We’ll also check out some alternatives to transactions in a distributed microservice scenario.

2. Avoiding Transactions Across Microservices

A distributed transaction is a very complex process with a lot of moving parts that can fail. Also, if these parts run on different machines or even in different data centers, the process of committing a transaction could become very long and unreliable.

This could seriously affect the user experience and overall system bandwidth. So one of the best ways to solve the problem of distributed transactions is to avoid them completely.

2.1. Example of Architecture Requiring Transactions

Usually, a microservice is designed in such way as to be independent and useful on its own. It should be able to solve some atomic business task.

If we could split our system in such microservices, there’s a good chance we wouldn’t need to implement transactions between them at all.

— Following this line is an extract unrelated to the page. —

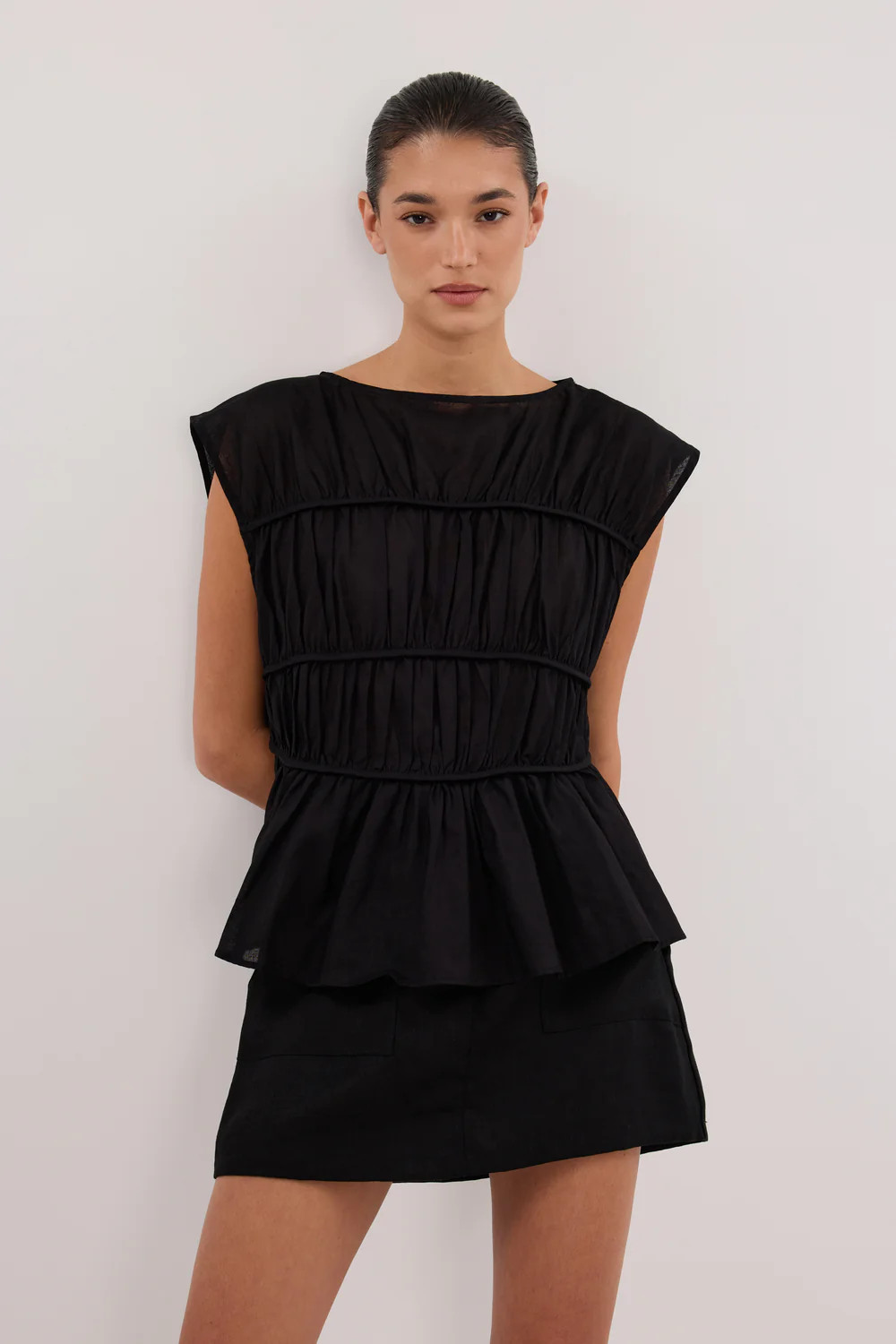 EVA BLACK LINEN SKORT | DISSH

For example, let’s consider a system of broadcast messaging between users.

The user microservice would be concerned with the user profile (creating a new user, editing profile data etc.) with the following underlying domain class:

@Entity
public class User implements Serializable {

    @Id
    @GeneratedValue(strategy = GenerationType.AUTO)
    private long id;

    @Basic
    private String name;

    @Basic
    private String surname;

    @Basic
    private Instant lastMessageTime;
}

The message microservice would be concerned with broadcasting. It encapsulates the entity Message and everything around it:

@Entity
public class Message implements Serializable {

    @Id
    @GeneratedValue(strategy = GenerationType.AUTO)
    private long id;

    @Basic
    private long userId;

    @Basic
    private String contents;

    @Basic
    private Instant messageTimestamp;

}

Each microservice has its own database. Notice that we don’t refer to the entity User from the entity Message, as the user classes aren’t accessible from the message microservice. We refer to the user only by id.

Now the User entity contains the lastMessageTime field because we want to show the information about the last user activity time in her profile.

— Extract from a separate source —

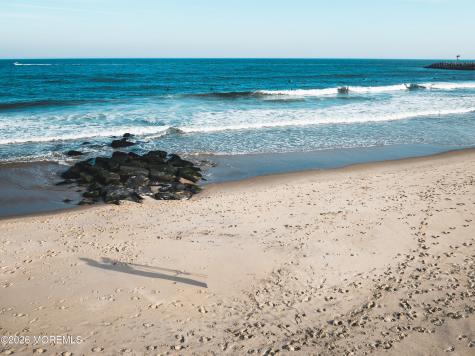 13 Pearce Avenue Manasquan NJ 08736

However, to add a new message to the user and update her lastMessageTime, we’d now have to implement a transaction across microservices.

2.2. Alternative Approach Without Transactions

We can alter our microservice architecture and remove the field lastMessageTime from the User entity.

Then we could display this time in the user profile by issuing a separate request to the messages microservice and finding the maximum messageTimestamp value for all messages of this user.

Probably, if the message microservice is under high load or even down, we won’t be able to show the time of the last message of the user in her profile.

But that could be more acceptable than failing to commit a distributed transaction to save a message just because the user microservice didn’t respond in time.

There are of course more complex scenarios when we have to implement a business process across multiple microservices, and we don’t want to allow inconsistency between those microservices.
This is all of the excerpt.